Mit etwas Fantasie kann man dieses Muster auch auf den FC Hansa Rostock projizieren. Zwar hat der Verein nicht den Barnsdorfer Wald gerodet, um sein Trainings-Refugium am Waldessaum auszudehnen, dafür aber planierte der Fußballklub in den vergangenen Jahren in aller Regelmäßigkeit die Träume und Wünsche seiner Fans. Trieb teilweise übles Schindluder, stand deshalb gleich mehrmals vor dem finalen Ruin. Zu Recht fragt Hansa-Ikone Steffen Baumgart im bald erscheinenden BTB-Interview: „Was ist in Rostock in den letzten drei Jahren überhaupt besser geworden?“

Keinen Monat nach der bittersten, am Ende nur mit Erfurter Schützenhilfe überstandenen Seuchensaison, regiert rund um den Verein wieder die Zuversicht. Wieder einmal, gegen viele Widerstände. Trotz all der Rückschläge und ungewollten Versuche des FC Hansa, den Fußball-Frühling für immer aus der Stadt zu verdrängen, hat sich die Vorfreude auf das kommende Spieljahr rasch eingestellt.

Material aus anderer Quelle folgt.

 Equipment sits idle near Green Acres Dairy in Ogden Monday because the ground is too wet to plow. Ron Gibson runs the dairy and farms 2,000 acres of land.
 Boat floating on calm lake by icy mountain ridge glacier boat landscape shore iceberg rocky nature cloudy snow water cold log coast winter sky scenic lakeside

Die alles entscheidende Frage: Wird die Mannschaft, die heute in die Sommervorbereitung startet, den wieder einmal neuaufkeimenden Erwartungen gerecht?

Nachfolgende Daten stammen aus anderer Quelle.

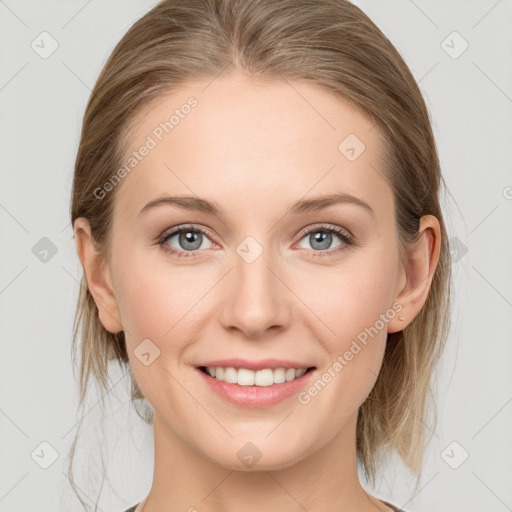 Joyful white young-adult female with medium  brown hair and blue eyes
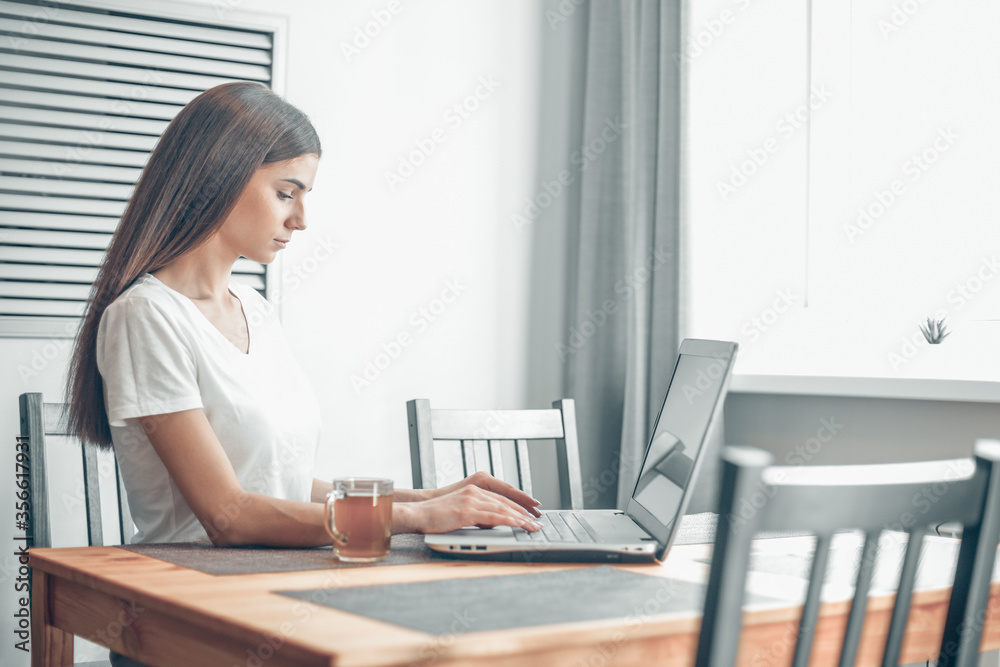Girl working on computer laptop in light room Girl working on computer laptop in light room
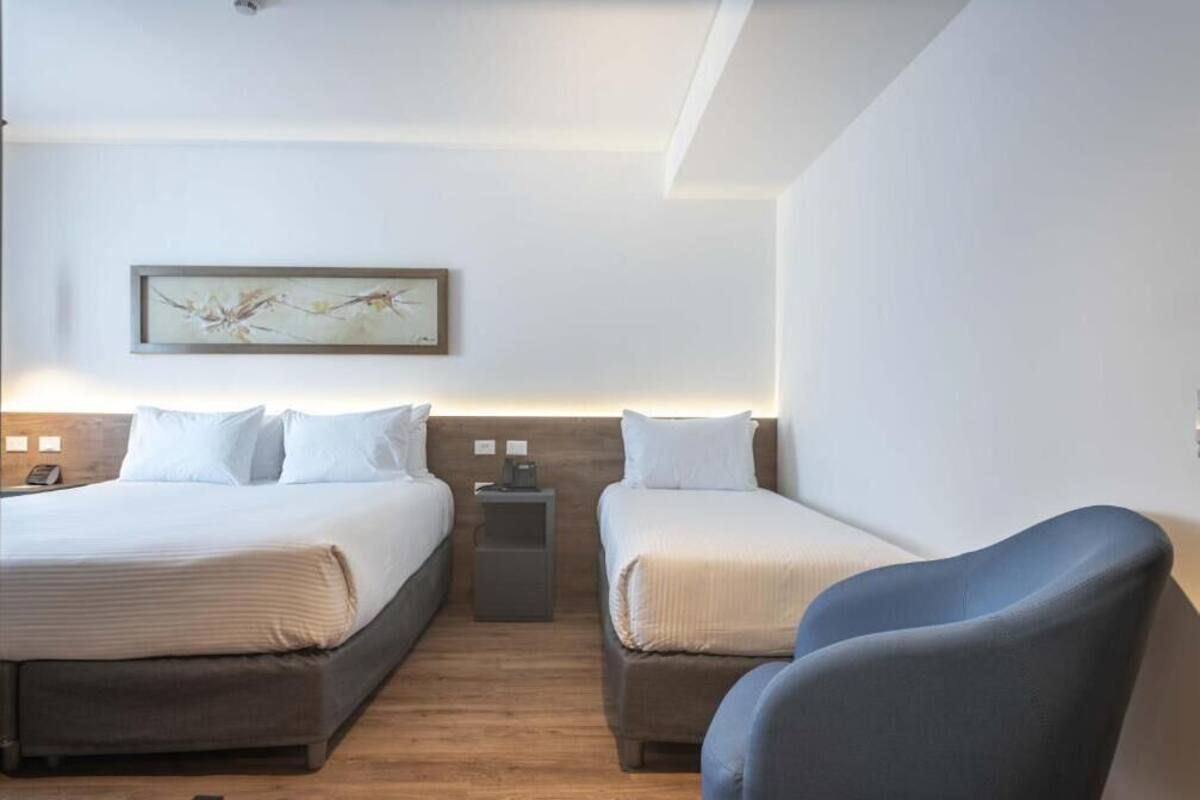 Een hotelkamer met twee bedden, een klein nachtkastje met een lamp, een lijst met een afbeelding aan de muur en een blauwe stoel.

Beantworten kann man diese Frage noch nicht. Die Mannschaft ist wie in den Vorjahren eine große Unbekannte, weil viele Stammkräfte das Team verließen. Mit Hüsing, Sumusalo, Ruprecht, Weidlich und Savran verabschiedeten sich alleine fünf Spieler aus der ersten Elf. Die sportliche Lücke ist immens, die in der Kabine noch größer. Trennten sich doch mit Weidlich, Ruprecht und Savran sowohl der Kapitän als auch die beiden Vizekapitäne  von der Mannschaft. Es war der ernüchternde Auftakt der Mannschaftsplanungen. Der Verein versuchte vergeblich, alle drei Spieler zu halten. Am Ende ging einer nach dem anderen.

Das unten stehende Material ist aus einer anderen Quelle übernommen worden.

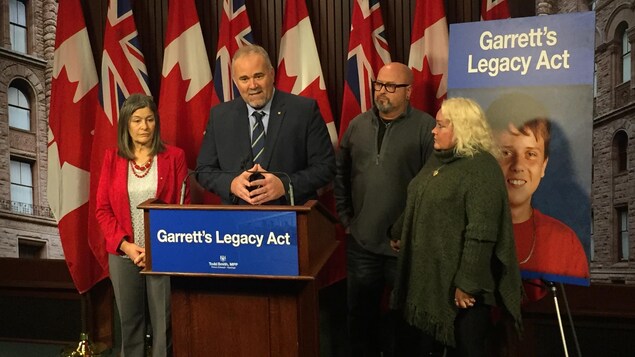 Todd Smith est derrière le lutrin lors de la conférence de presse à Queen's Park, entouré des autres participants Todd Smith est derrière le lutrin lors de la conférence de presse à Queen's Park, entouré des autres participants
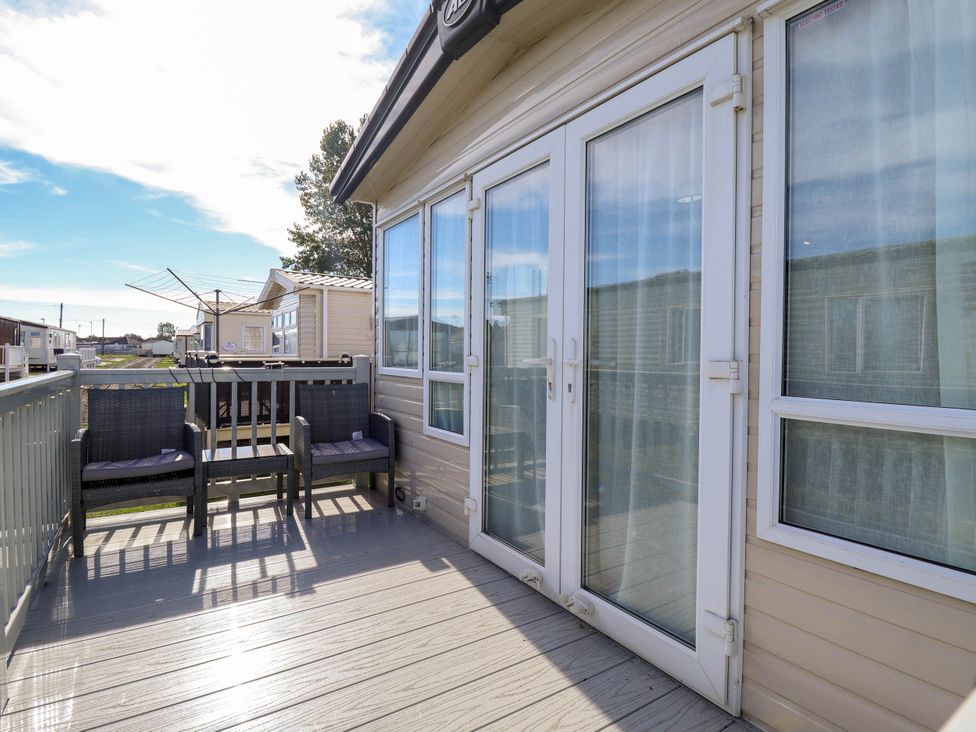An outdoor area with chairs and a view at Coastfields Holiday Village in Ingoldmells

Besonders kompliziert ist das, weil in der Hansa-Kabine ein Vakuum entstanden ist. Einen Kern, den es seit Jahren das erste Mal im besten Fußballalter gegeben hätte; den man mit wenigen Handgriffen ergänzen könnte, gibt es in diesem Sinne nicht mehr. Karsten Baumanns vermeintlich größter Vorteil, aus den Erfahrungen seiner ersten sechs Monate die Mannschaft fein zu justieren, ist durch das stark veränderte Mannschaftsbild nicht nur etwas verpufft. Er startet zwar nicht bei null, aber doch weit unter der bestmöglichen Prozentzahl.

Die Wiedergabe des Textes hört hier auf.